Hello all,
I would like to know how to filter a VCF by number of individuals with genotype data (i.e. without missing data).
First, some background:
I have a large VCF file containing SNP data for 95 individuals called from bcftools mpileup output. BAMs passed to mpileup contained data for alignments of RNAseq reads to a de novo transcriptome. Thus, the VCF lists SNPs within each contig defined in the reference de novo transcriptome.
The 95 individuals were collected from 6 different populations. For population genetic analysis, I would like to produce a VCF that only contains SNPs at which there are data for at least 75% of individuals in each population (11 or 12).
I have a decent familiarity with bcftools, and know how to filter missing data, but I am not sure how to approach this. As expected, filtering on the N_SAMPLES variable alone doesn't seem to modify the VCF. Perhaps my best course of action would be to first split the VCF into population-specific files?
Any help with this would be greatly appreciated! Please let me know if I've failed to include any useful information.
Thanks for the answer, Brice.
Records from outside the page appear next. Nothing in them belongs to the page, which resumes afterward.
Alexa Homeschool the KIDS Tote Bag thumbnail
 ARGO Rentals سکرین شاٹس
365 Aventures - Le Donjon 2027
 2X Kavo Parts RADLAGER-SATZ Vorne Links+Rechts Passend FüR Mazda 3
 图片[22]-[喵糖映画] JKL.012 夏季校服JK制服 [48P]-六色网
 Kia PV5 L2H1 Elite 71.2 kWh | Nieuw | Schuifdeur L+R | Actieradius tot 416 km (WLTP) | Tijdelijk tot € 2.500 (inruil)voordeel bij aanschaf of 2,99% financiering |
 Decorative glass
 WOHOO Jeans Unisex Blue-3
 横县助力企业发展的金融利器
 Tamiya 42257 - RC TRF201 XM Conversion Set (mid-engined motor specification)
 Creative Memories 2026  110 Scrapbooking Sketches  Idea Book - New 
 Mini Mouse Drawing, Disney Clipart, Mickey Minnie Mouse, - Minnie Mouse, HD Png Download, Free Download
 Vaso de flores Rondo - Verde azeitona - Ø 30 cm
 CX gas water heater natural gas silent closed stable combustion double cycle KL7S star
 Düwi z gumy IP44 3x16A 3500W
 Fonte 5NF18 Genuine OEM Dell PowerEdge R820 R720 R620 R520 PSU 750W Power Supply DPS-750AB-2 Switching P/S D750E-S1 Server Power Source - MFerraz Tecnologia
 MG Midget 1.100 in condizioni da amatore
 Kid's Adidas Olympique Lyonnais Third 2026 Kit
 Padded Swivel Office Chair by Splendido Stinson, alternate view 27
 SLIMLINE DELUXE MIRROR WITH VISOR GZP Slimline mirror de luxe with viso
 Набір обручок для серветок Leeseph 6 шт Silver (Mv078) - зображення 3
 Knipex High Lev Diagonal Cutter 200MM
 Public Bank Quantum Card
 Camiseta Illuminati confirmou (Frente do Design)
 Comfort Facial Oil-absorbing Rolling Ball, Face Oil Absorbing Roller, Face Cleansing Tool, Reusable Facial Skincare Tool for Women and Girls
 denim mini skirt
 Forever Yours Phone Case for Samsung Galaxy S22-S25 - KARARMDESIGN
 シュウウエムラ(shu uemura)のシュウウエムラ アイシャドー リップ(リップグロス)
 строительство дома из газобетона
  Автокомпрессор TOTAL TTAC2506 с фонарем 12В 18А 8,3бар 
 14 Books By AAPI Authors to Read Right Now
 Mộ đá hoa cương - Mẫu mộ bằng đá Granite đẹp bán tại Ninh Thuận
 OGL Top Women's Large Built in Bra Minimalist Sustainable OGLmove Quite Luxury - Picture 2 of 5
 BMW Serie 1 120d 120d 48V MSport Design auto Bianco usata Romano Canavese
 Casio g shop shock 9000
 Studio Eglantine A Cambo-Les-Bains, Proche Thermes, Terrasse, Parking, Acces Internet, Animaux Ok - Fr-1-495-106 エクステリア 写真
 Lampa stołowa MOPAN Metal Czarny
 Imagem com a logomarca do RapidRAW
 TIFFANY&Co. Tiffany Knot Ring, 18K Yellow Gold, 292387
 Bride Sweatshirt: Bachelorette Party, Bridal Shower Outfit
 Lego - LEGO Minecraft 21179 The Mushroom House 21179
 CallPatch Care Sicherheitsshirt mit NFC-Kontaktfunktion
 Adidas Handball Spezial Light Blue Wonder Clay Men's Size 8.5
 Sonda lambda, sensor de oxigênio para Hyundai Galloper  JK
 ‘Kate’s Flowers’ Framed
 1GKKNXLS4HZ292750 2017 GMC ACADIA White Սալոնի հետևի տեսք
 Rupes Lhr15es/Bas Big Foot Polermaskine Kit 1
This worked well -- I split the master .vcf by population, filtered using vcftools --recode, and merged filtered population .vcf's using bcftools isec. It may also be useful to note that the --max-missing option excludes sites based on proportion of missing data, where a 0 indicates no filter and a 1 only passes sites with no missing data (i.e. 0.75 filters out sites missing over 25% of data).
Yep, you're correct. I assumed people would peek at the manual for specifics, but I've gone ahead and made the clarification in my post in case others take the call verbatim. Thanks!